### What to work on
Retype the data below exactly, skipping pictures.

### Raw data

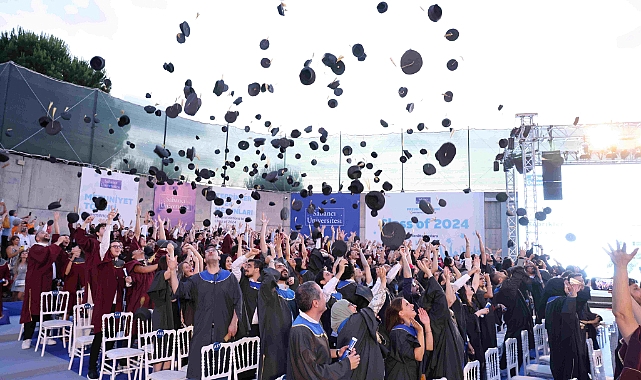 Sabancı Üniversitesi 22. dönem lisans ve 25. dönem lisansüstü mezunlarını verdi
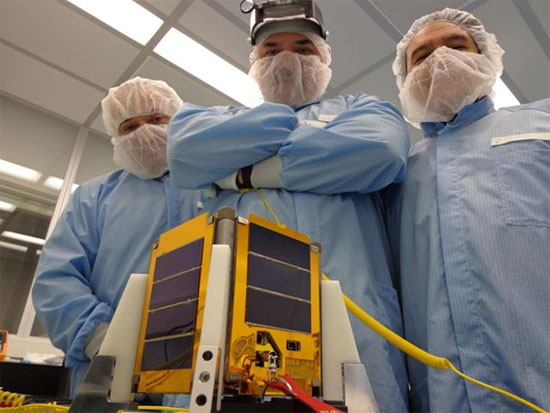 Picture 1 of Ecuador tried to save the satellite and hit the universe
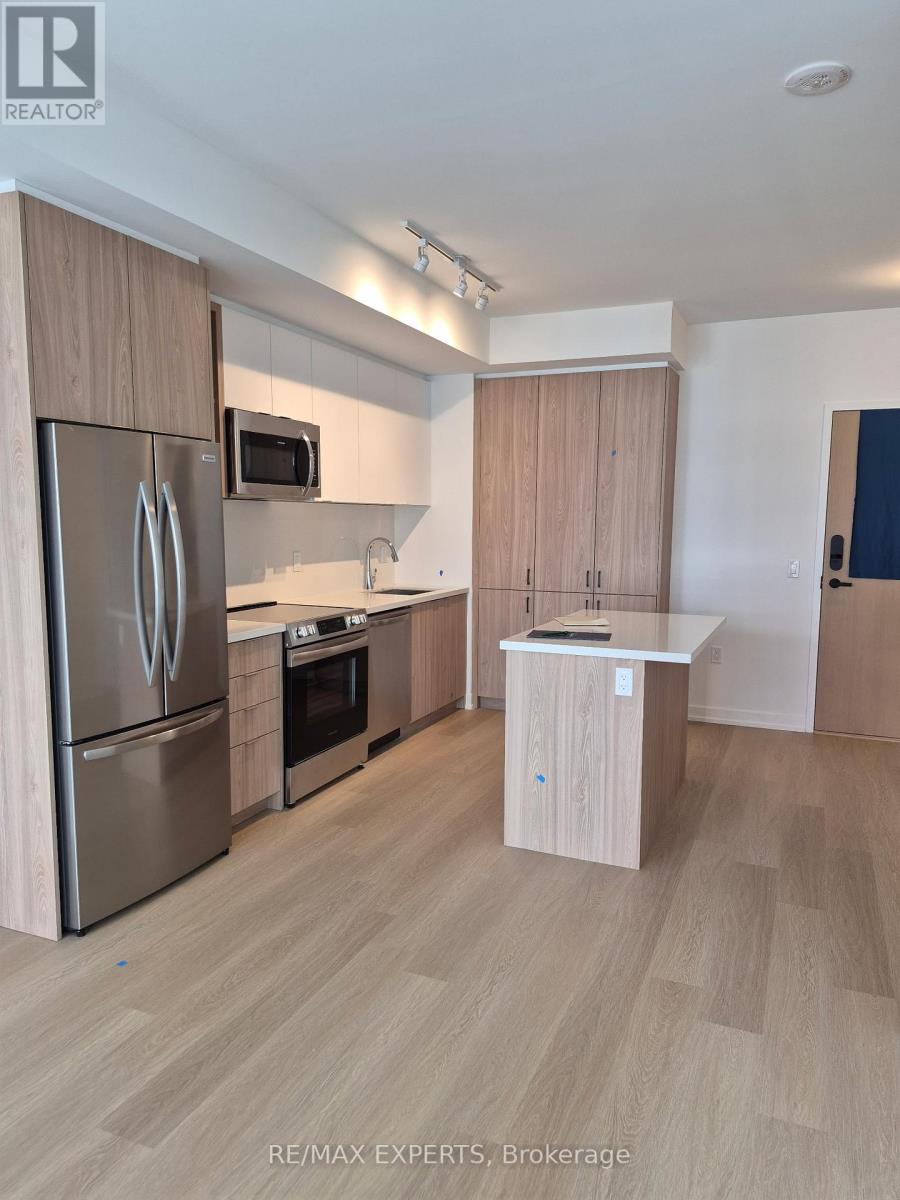 306 - 333 Sunseeker Avenue, Innisfil, Ontario L9R 0R6 - Photo 8 - N12523976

### Answer section
 Sabancı Üniversitesi 22. dönem lisans ve 25. dönem lisansüstü mezunlarını verdi
 Picture 1 of Ecuador tried to save the satellite and hit the universe
 306 - 333 Sunseeker Avenue, Innisfil, Ontario L9R 0R6 - Photo 8 - N12523976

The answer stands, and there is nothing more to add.